**PROBLEM STATEMENT**
Transcribe exactly, leaving out pictures, the lines from the one that holds "2 фото: По пути" through the end of the data below, including both end lines and no others.

[Crawled caption data]
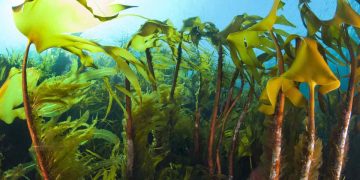 Nye tal fra Havforskningsinstituttet afslører en dyster status for havet: Trusselsniveauet for tangskove og ålegræsenge er højere end nogensinde. Selvom de blå skove er afgørende for fiskebestandenes overlevelse og havets balance, mangler der stadig målrettet politisk handling og beskyttelse, før det er for sent. foto: Erling Svensen Hi.no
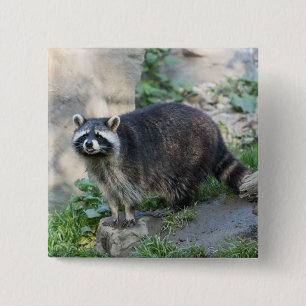 Raccoon-Buttone Button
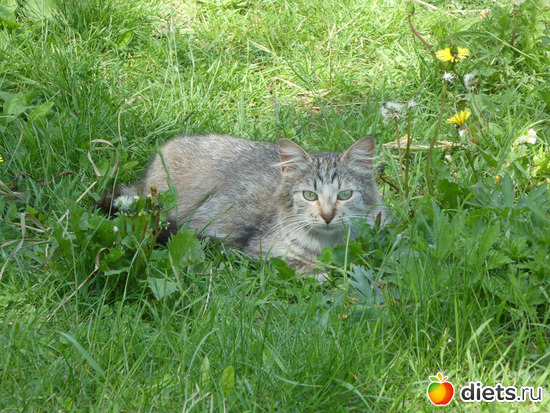 2 фото: По пути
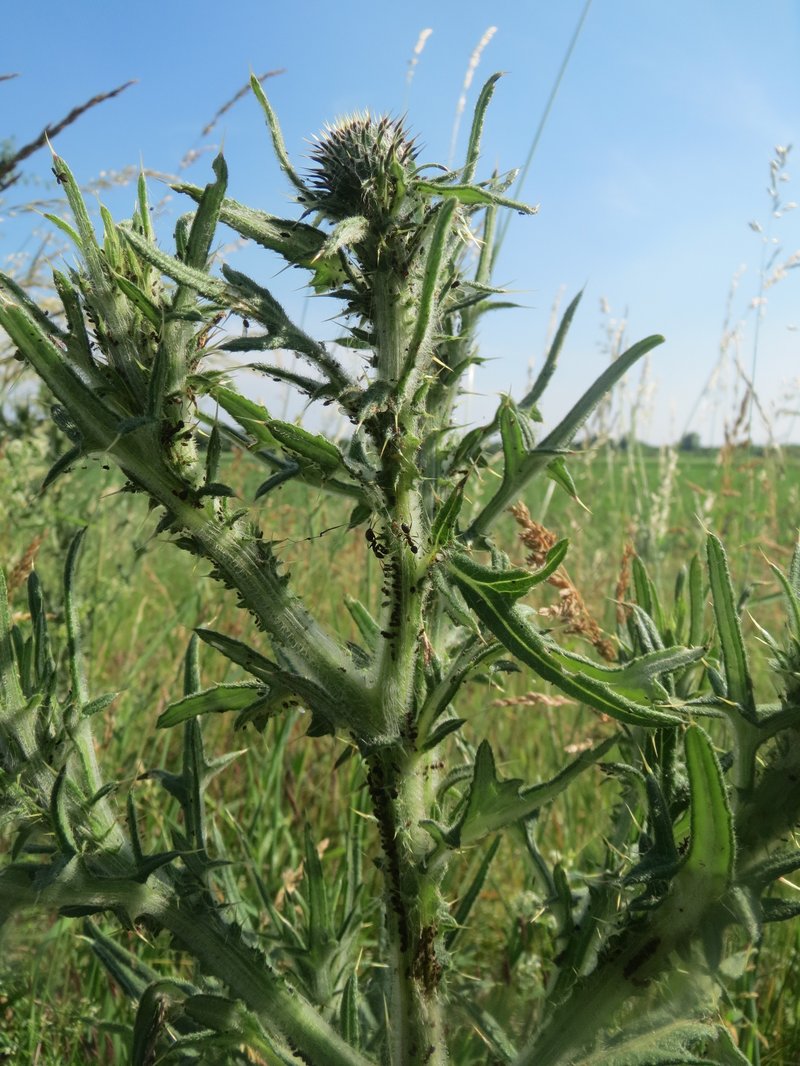 Bull Thistle photo 6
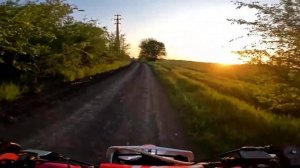 Погоня собаки за питбайком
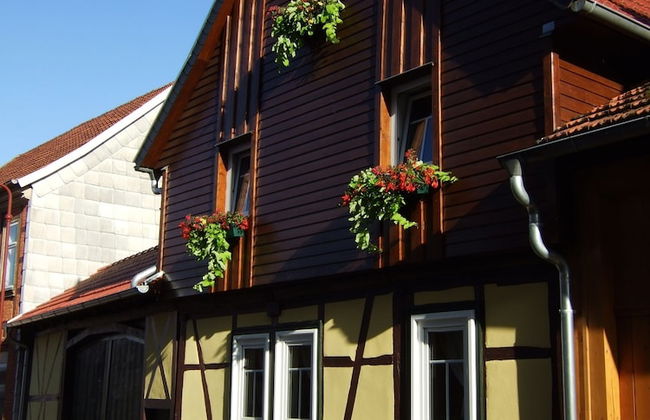 Hainich-Ferienhof - Foto 23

**OUTPUT**
 2 фото: По пути
 Bull Thistle photo 6
 Погоня собаки за питбайком
 Hainich-Ferienhof - Foto 23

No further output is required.